# Exercise description:
Going through the material below, output exactly the lines from the one containing "BBC:穆里尼奥已经和皇马签下3年合同,将在主席选举后亮相" through the one containing "拆遷是按建筑面積還是套內，拆遷是按建筑面積還是套內面積", and no pictures.

# Listed entries:
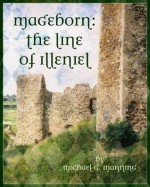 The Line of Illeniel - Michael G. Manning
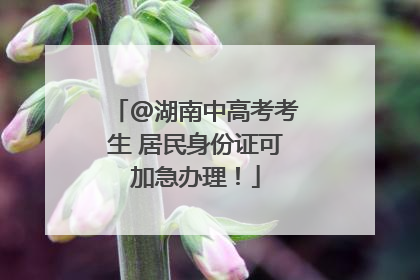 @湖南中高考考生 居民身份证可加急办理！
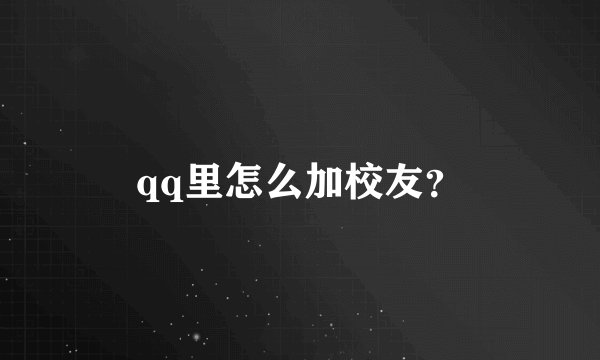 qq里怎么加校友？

--

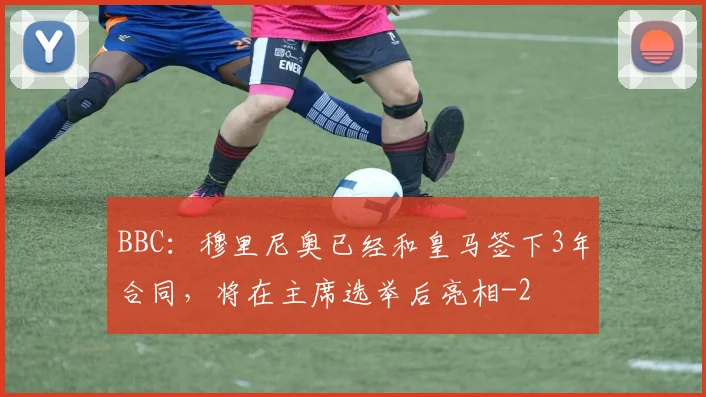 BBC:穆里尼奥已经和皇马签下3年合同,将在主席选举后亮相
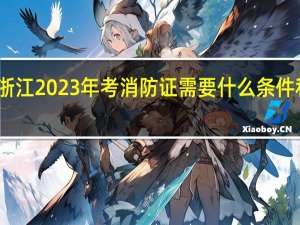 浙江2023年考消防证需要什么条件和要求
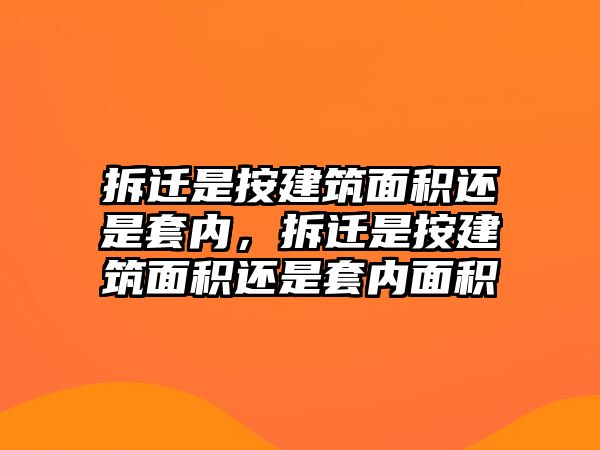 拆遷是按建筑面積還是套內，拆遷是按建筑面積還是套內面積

--

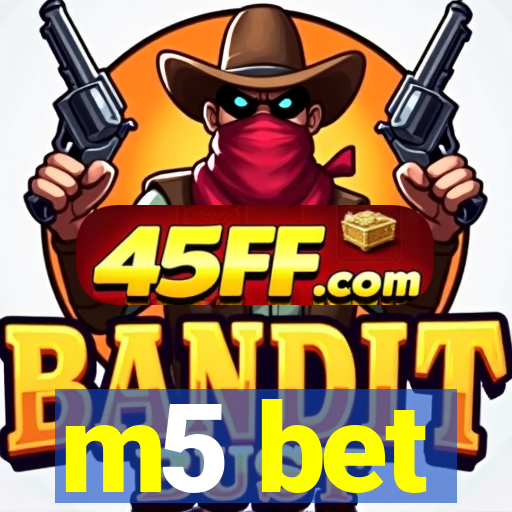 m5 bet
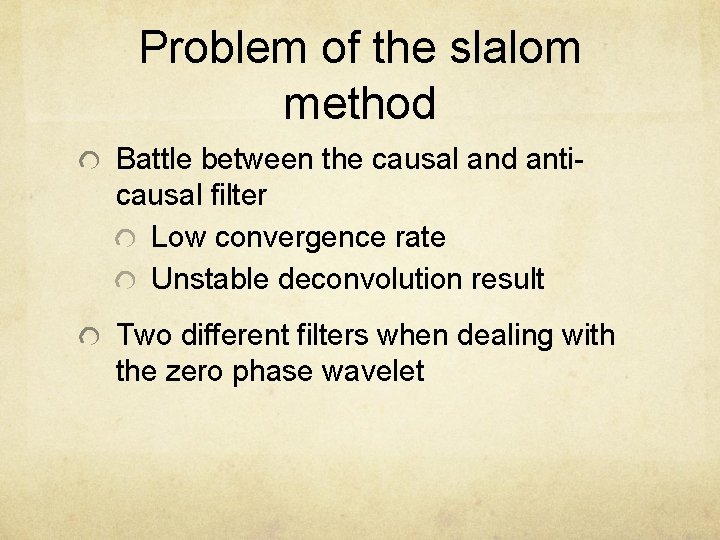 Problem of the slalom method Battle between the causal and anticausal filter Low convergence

# Reply to the task:
 BBC:穆里尼奥已经和皇马签下3年合同,将在主席选举后亮相
 浙江2023年考消防证需要什么条件和要求
 拆遷是按建筑面積還是套內，拆遷是按建筑面積還是套內面積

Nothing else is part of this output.